Dans l’histoire de l’agriculture canadienne, peu de personnages se sont autant distingués que Charles Saunders. En effet, ses variétés de blé de grande qualité et adaptées au climat froid du pays ont permis au secteur agricole canadien de s’épanouir. Toutefois, cette réussite était menacée par une maladie tapie dans l’ombre, capable de détruire les récoltes et menaçant les champs de blé de l’ensemble des Prairies. Les chercheurs étaient anéantis. Le blé se desséchait et mourait. Les producteurs étaient inquiets pour l’avenir. Mais une lueur d’espoir se profilait à l’horizon, des rumeurs voulant qu’une certaine chercheuse brillante et hautement compétente puisse être la salvatrice du blé.
Cette histoire est celle de l’ascension de Margaret Newton dans le secteur agricole canadien.
Héroïne du blé canadien
Margaret Newton est née à Montréal en 1887. Esprit curieux ayant soif de connaissances, elle a d’abord travaillé comme enseignante, trouvant épanouissement et joie à façonner les jeunes esprits. Toutefois, au milieu du tourbillon des classes, Margaret ne cessait de ressentir l’appel de l’enseignement supérieur; elle a donc pris la difficile décision de quitter l’enseignement pour s’inscrire au programme d’arts de l’Université McMaster. Mais une visite à son frère qui étudiait alors à la faculté d’agriculture de l’Université McGill a éveillé l’intérêt de Margaret, qui a peu après présenté une demande d’inscription au programme d’agriculture.

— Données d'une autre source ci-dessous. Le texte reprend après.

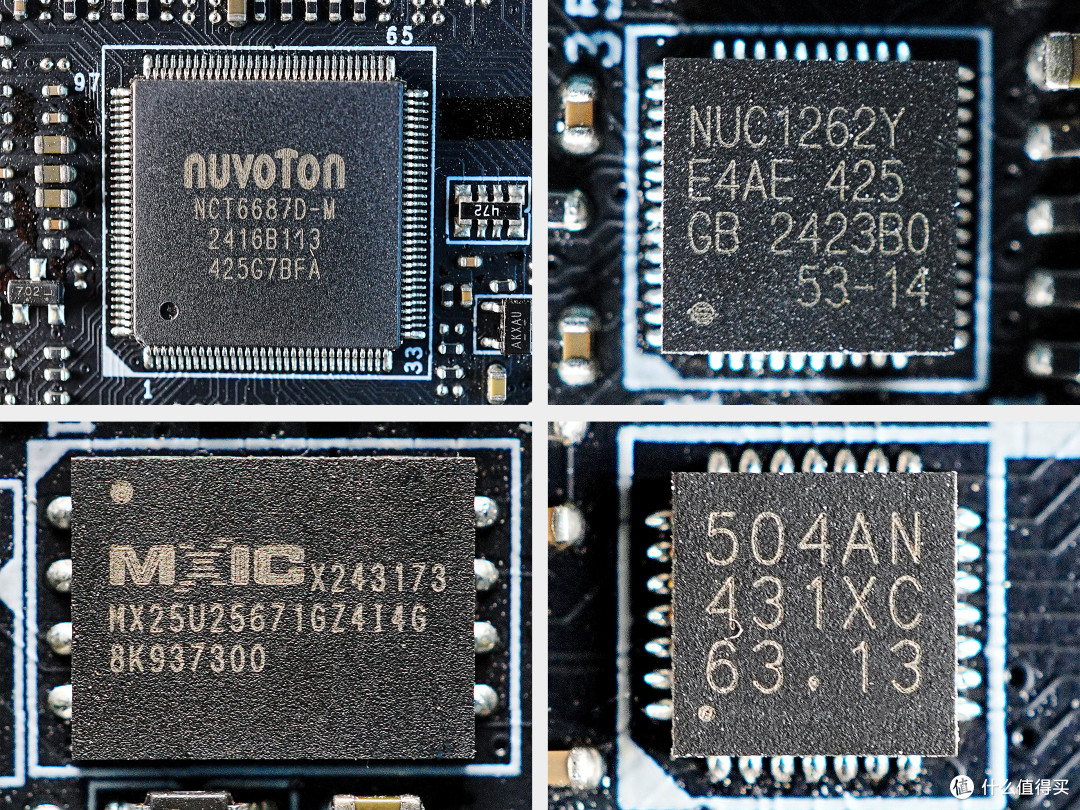 intel新平台还有的玩吗?微星MAG B860M MORTAR WIFI主板开箱分析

Bien que Margaret n’ait jamais douté de sa décision, son parcours académique, tout au long duquel elle a dû faire face aux préjugés, s’est avéré une dure bataille.
Le service des admissions de McGill était hésitant à offrir une place dans le programme à cette jeune femme non mariée contrastant parmi la masse de candidats. Après qu’elle ait férocement défendu sa cause, Margaret a finalement été acceptée au programme en 1914, se retrouvant la seule femme parmi un groupe de 50 hommes. Mais ce n’était pas la seule chose qui la distinguait des autres étudiants : Margaret s’est rendue chaque jour en cours avec courage et détermination, brisant les barrières tant à l’intérieur à l’extérieur des classes. Notamment, dans un acte de bravoure mémorable, Margaret et un de ses professeurs ont fait annuler une règle archaïque qui empêchait les étudiantes d’utiliser les laboratoires, en raison d’un strict couvre-feu en vigueur à 22 h pour les femmes. L’impossibilité de travailler en soirée était inacceptable pour l’intrépide Margaret. La science ne pouvait pas attendre, et surtout pas à cause d’un absurde système sexiste.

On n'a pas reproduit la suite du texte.